Nasolacrimal Duct Obstruction Flashcards
What is the typical history associated with nasolacrimal duct obstruction?
Chronic tearing or discharge from one or both eyes. Recurrent eye infections or inflammation. History of congenital or acquired duct obstruction.
What are the key physical examination findings in nasolacrimal duct obstruction?
Epiphora (overflow of tears onto the face). Mucopurulent discharge with pressure over the lacrimal sac. Absence of conjunctival redness or corneal involvement.
What investigations are necessary for diagnosing nasolacrimal duct obstruction?
Clinical diagnosis based on history and physical exam. Fluorescein dye disappearance test to assess tear drainage. Imaging (e.g., dacryocystography) in complex cases.
What are the non-pharmacological management strategies for nasolacrimal duct obstruction?
Lid hygiene and massage of the lacrimal sac. Warm compresses to alleviate discomfort. Educate parents on gentle massage techniques in infants.
What are the pharmacological management options for nasolacrimal duct obstruction?
Topical antibiotics if secondary infection is present. Consider probing of the nasolacrimal duct in persistent cases. Surgical options for refractory cases.

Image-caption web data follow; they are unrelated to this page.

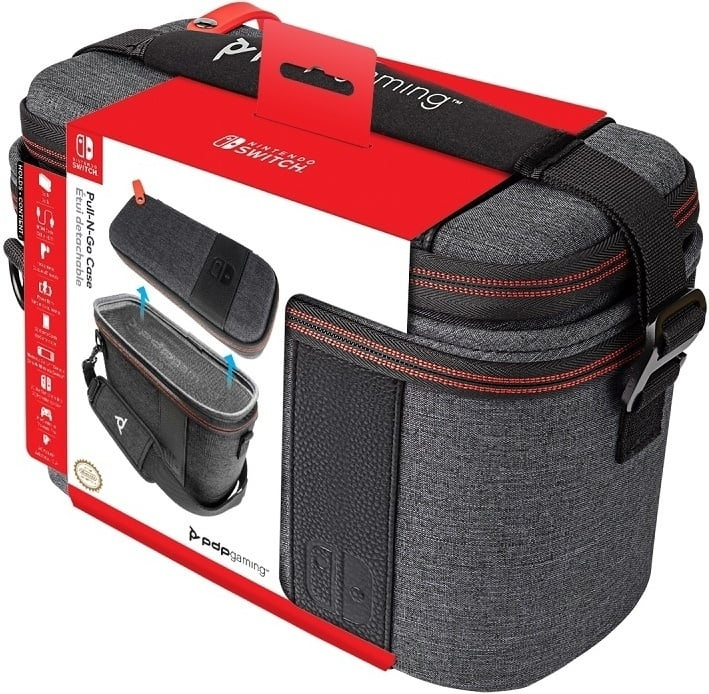 PDP Gaming Pull-N-Go Case - transportlåda, Switch in de groep HOME ELECTRONICS / Spelconsoles en accessoires / Nintendo Switch / Accessoires bij TP E-commerce Nordic AB (C57094)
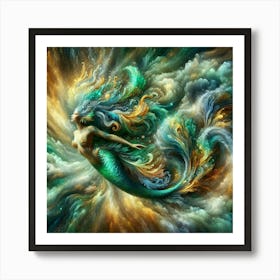 Mermaid 81 Art Print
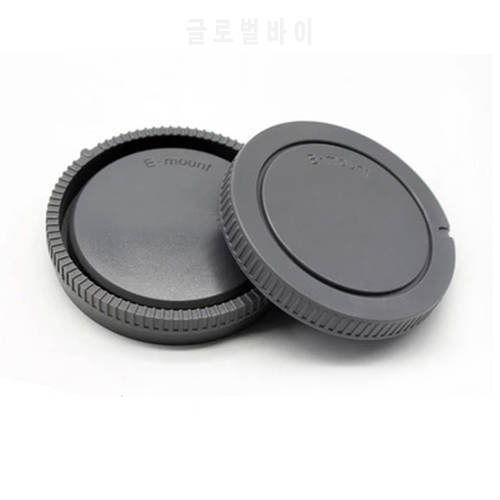 1pairs camera Body cap + Rear Lens Cap for sony NEX NEX-3 E-mount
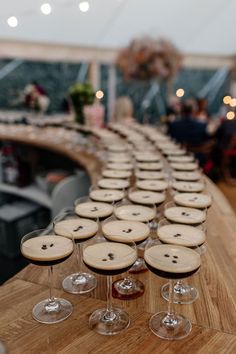 espresso martini cocktails Drinks Reception Ideas, Wedding Rings Lab Created, Cocktails At Wedding, Espresso Martini Wedding Drink, Whiskey Themed Wedding, Italian Wedding Cocktails, Custom Wedding Cocktails, Espresso Martini At Wedding, Italian Wedding Drinks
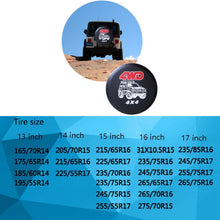 Load image into Gallery viewer, PVC Faux Leather Spare Wheel Cover Rear Tire Protector, 14 inch, 15 inch, 16 inch, 17 inch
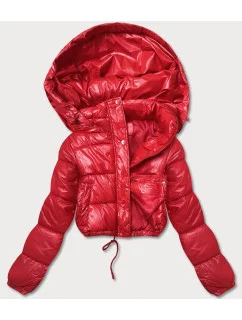 KRÓTKA KURTKA PUCHOWA CROP CZERWONA model 21243930 - HONEY WINTER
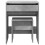 VidaXL (concrete grey) vidaXL Dressing Table and Stool Bedroom Cosmetic Table Vanity Makeup Table 5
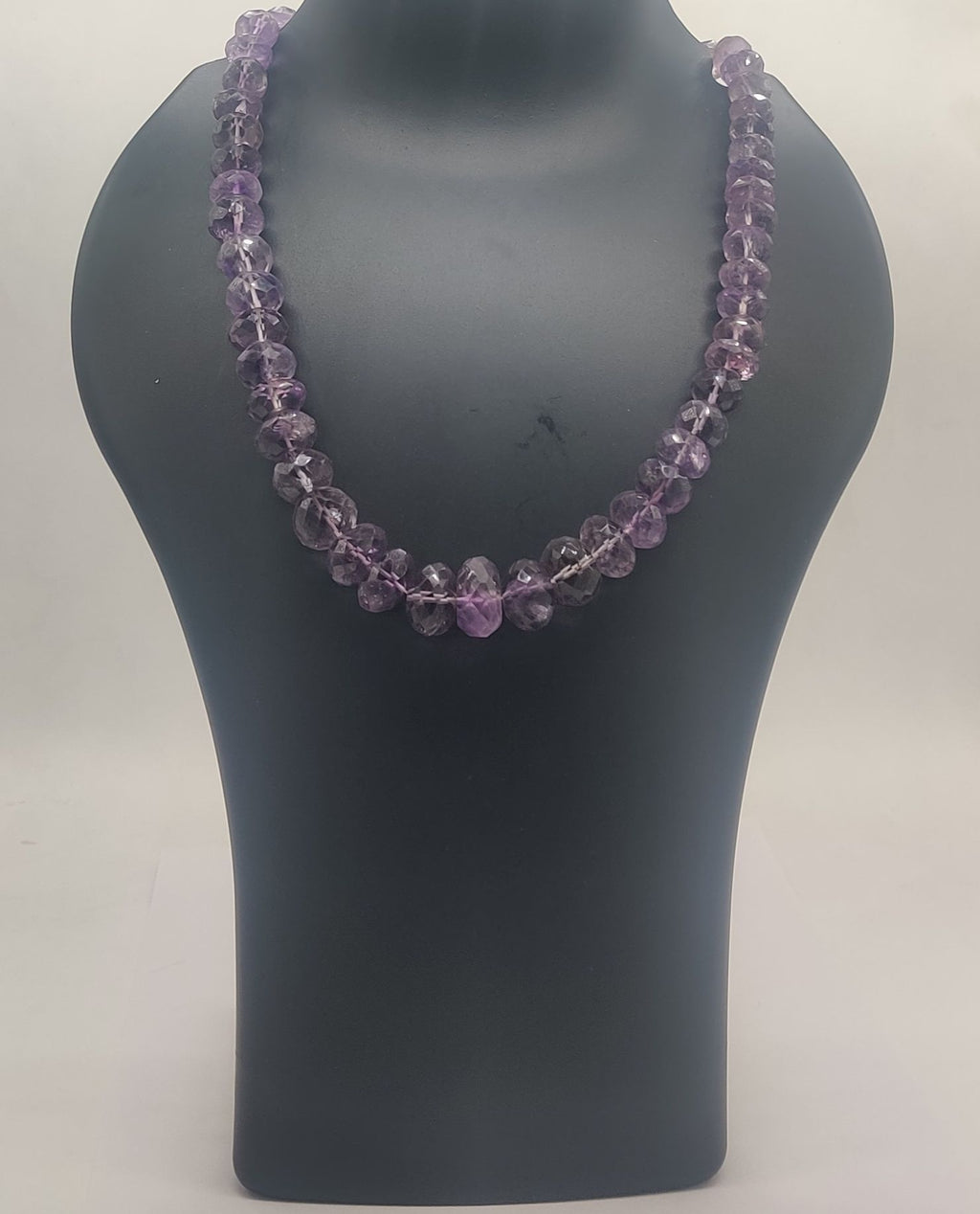 Amethyst Glow Faceted Necklace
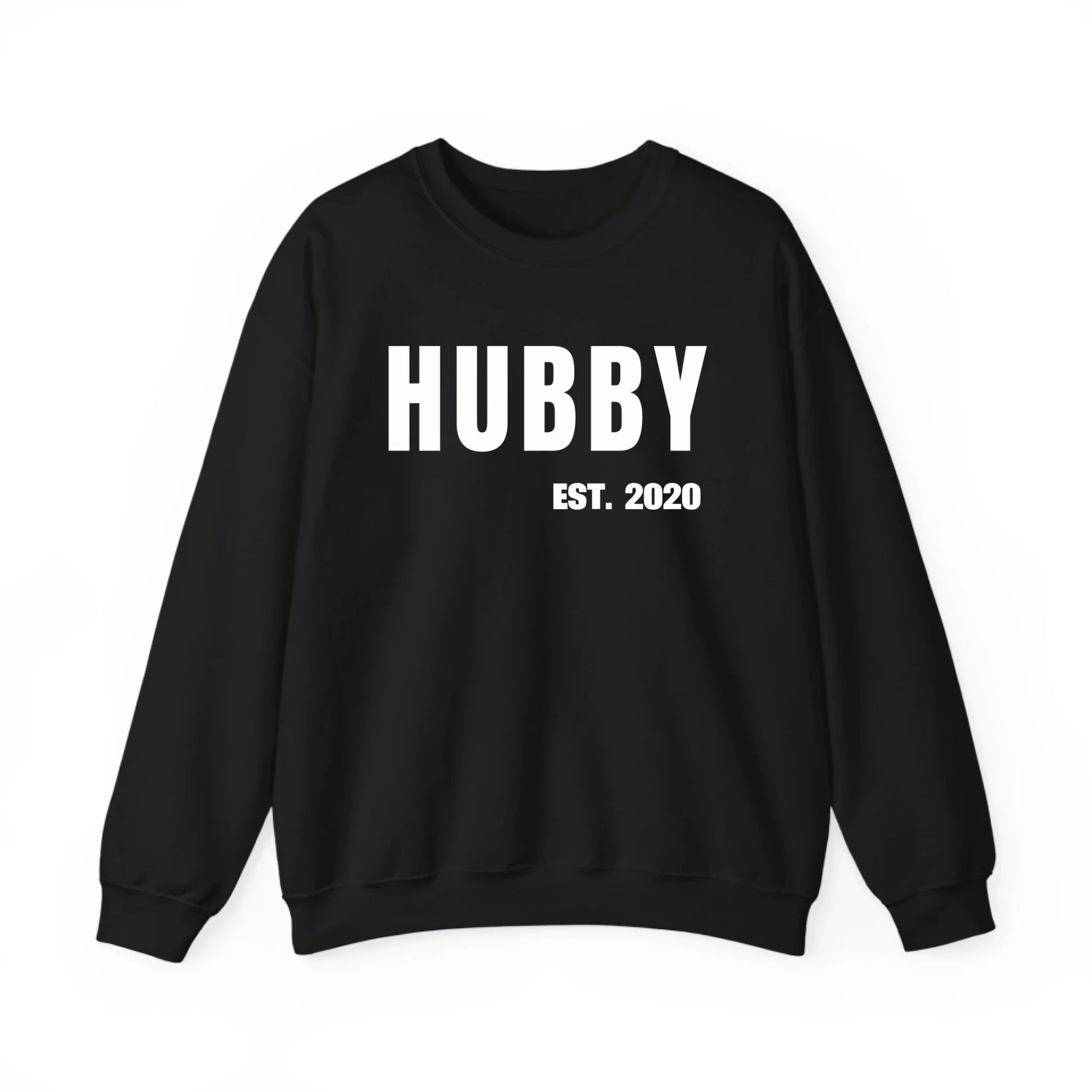 Printify Sweatshirt Couple Hubby mit Datum
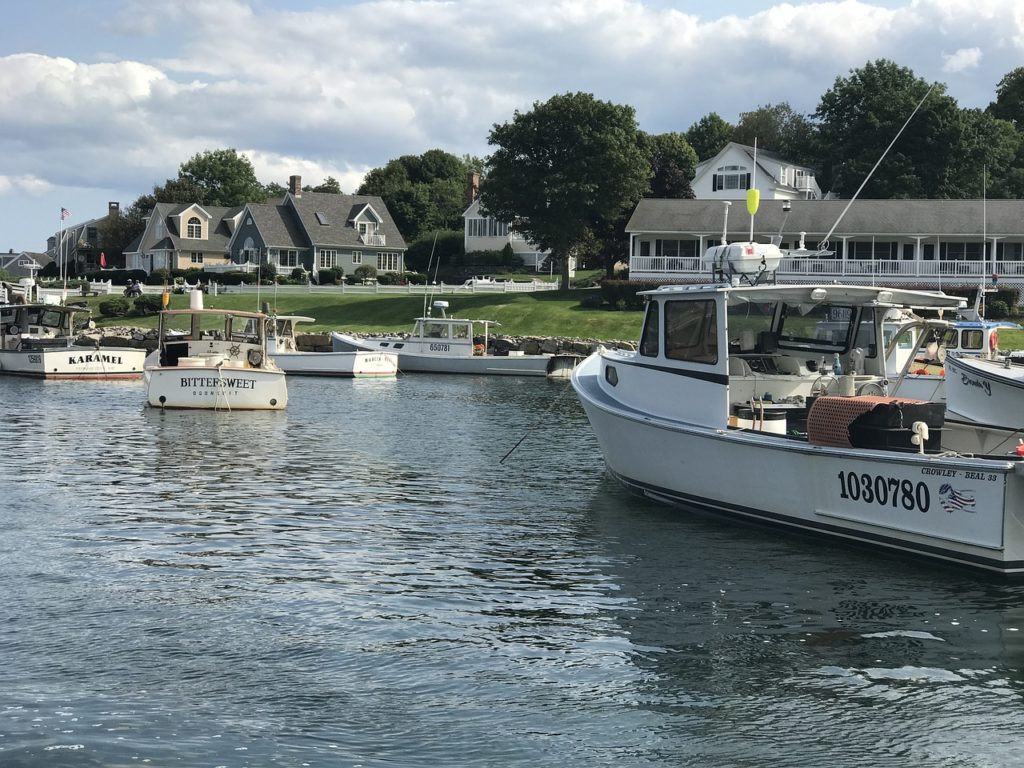 Lobster boats at Ogunquit Maine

What are the red flags to look for in nasolacrimal duct obstruction patients?
Severe pain or swelling over the lacrimal sac. Fever or signs of systemic infection. Persistent symptoms despite conservative management.
When should a patient with nasolacrimal duct obstruction be referred to a specialist?
Persistent obstruction not responding to initial treatment. Recurrent dacryocystitis or complications. Need for surgical intervention or further evaluation.
What is one key piece of pathophysiology related to nasolacrimal duct obstruction?
Blockage of the nasolacrimal duct leading to tear stasis. Can be congenital or acquired. Results in chronic tearing and risk of infection.